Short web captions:
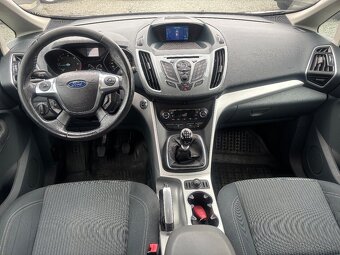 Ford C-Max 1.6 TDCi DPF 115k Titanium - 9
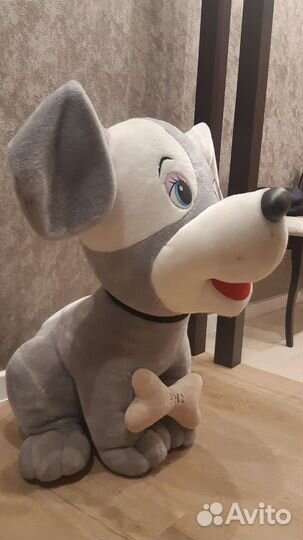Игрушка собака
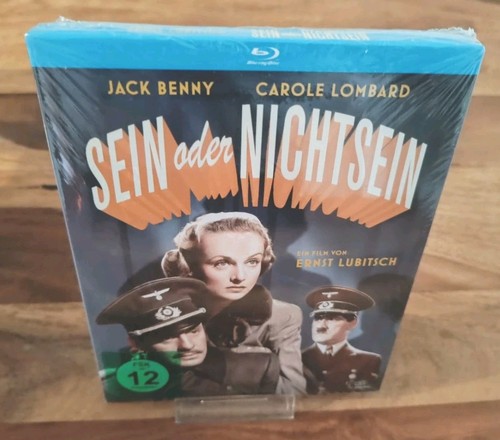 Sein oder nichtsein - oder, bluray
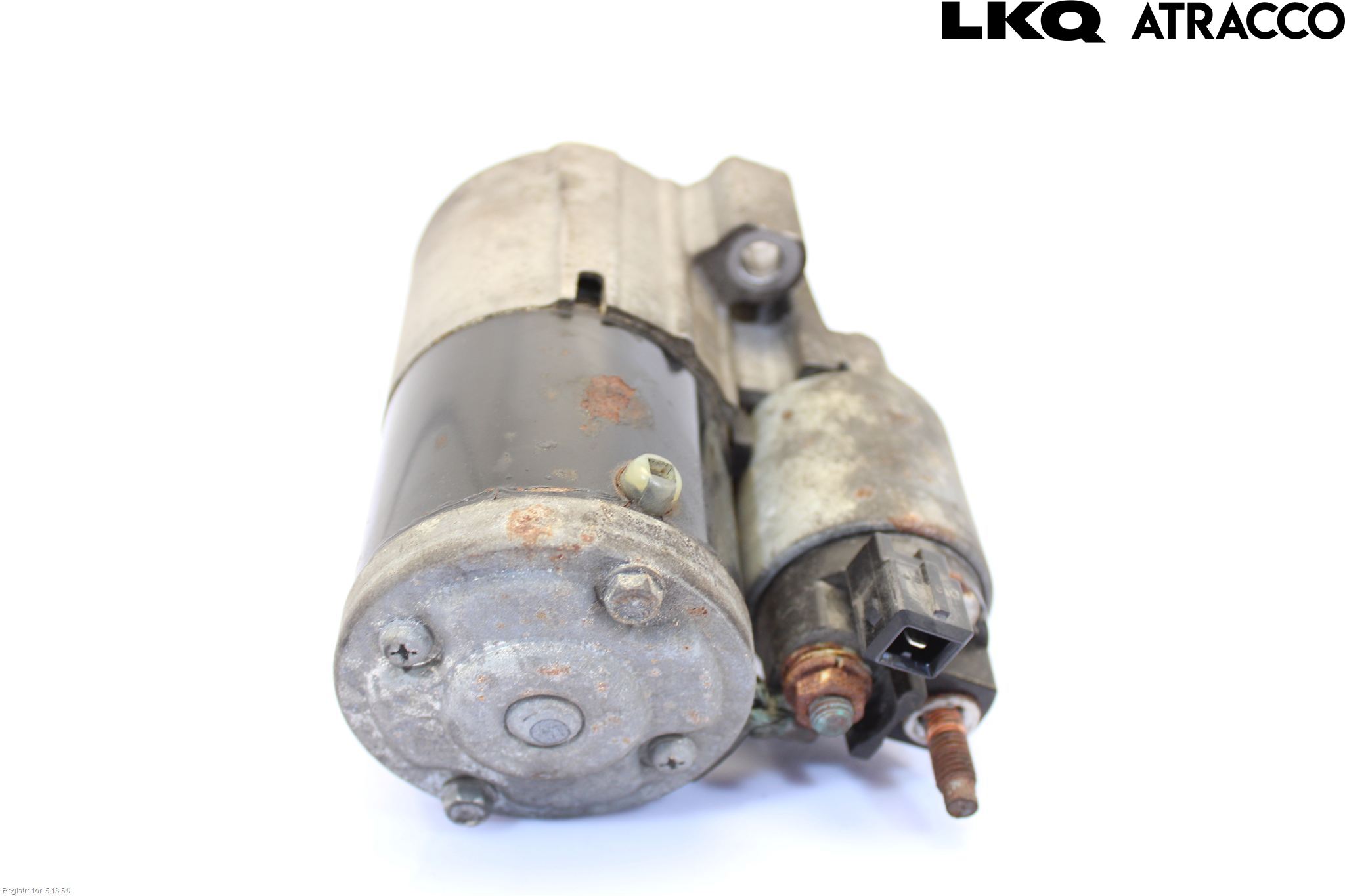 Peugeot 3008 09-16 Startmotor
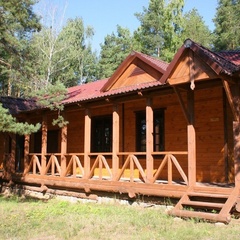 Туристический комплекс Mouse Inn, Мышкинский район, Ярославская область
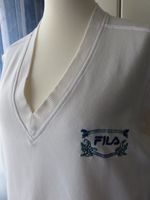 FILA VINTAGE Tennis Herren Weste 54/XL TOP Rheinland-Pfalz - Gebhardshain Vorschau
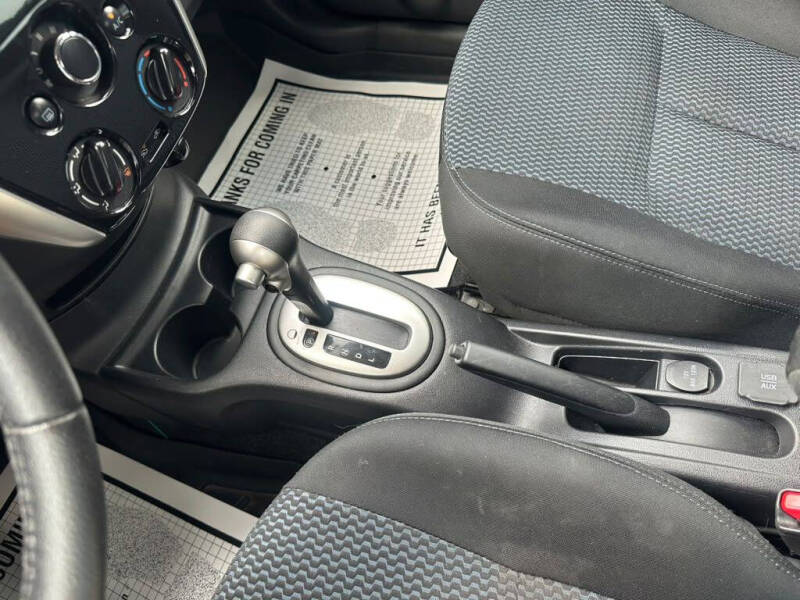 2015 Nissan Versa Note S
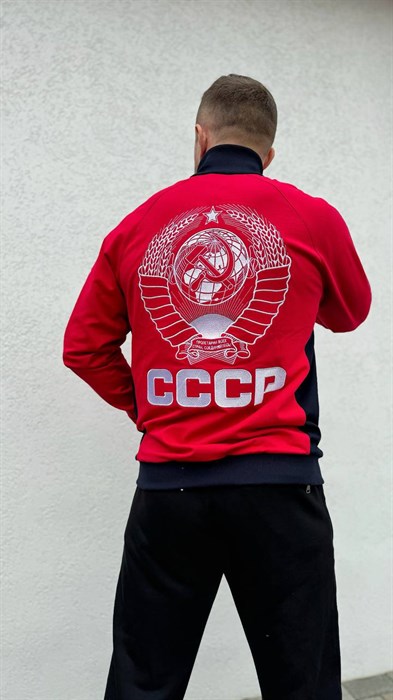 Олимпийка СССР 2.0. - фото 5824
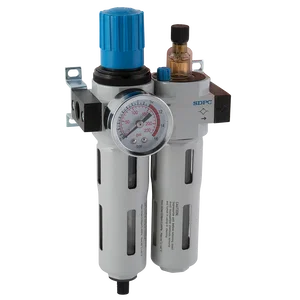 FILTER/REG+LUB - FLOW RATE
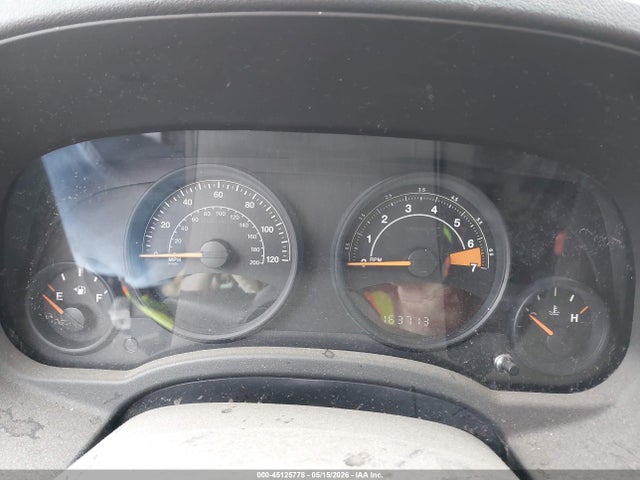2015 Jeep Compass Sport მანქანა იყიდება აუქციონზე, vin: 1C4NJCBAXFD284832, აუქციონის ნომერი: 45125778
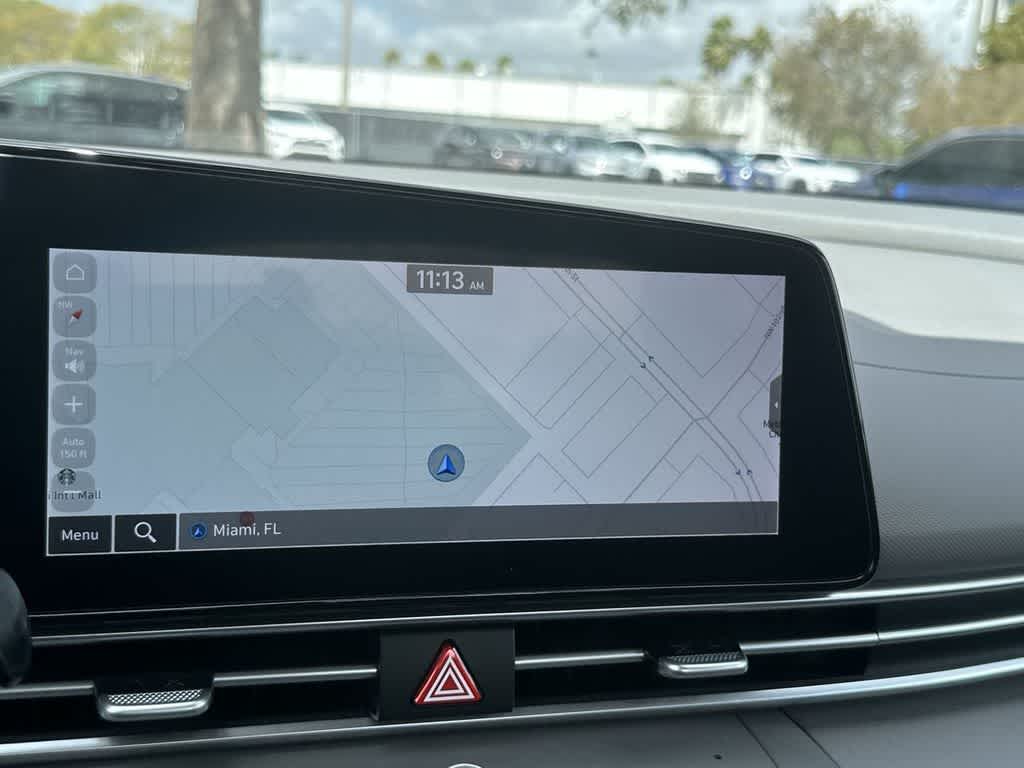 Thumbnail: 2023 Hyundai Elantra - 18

**WHAT IS REQUIRED**.
Using the data above, retype exactly and only the lines from the one containing "Игрушка собака" up to and including the one containing "FILA VINTAGE Tennis", with no pictures carried over.

**RESULT FOR THIS EXERCISE**.
Игрушка собака
 Sein oder nichtsein - oder, bluray
 Peugeot 3008 09-16 Startmotor
 Туристический комплекс Mouse Inn, Мышкинский район, Ярославская область
 FILA VINTAGE Tennis Herren Weste 54/XL TOP Rheinland-Pfalz - Gebhardshain Vorschau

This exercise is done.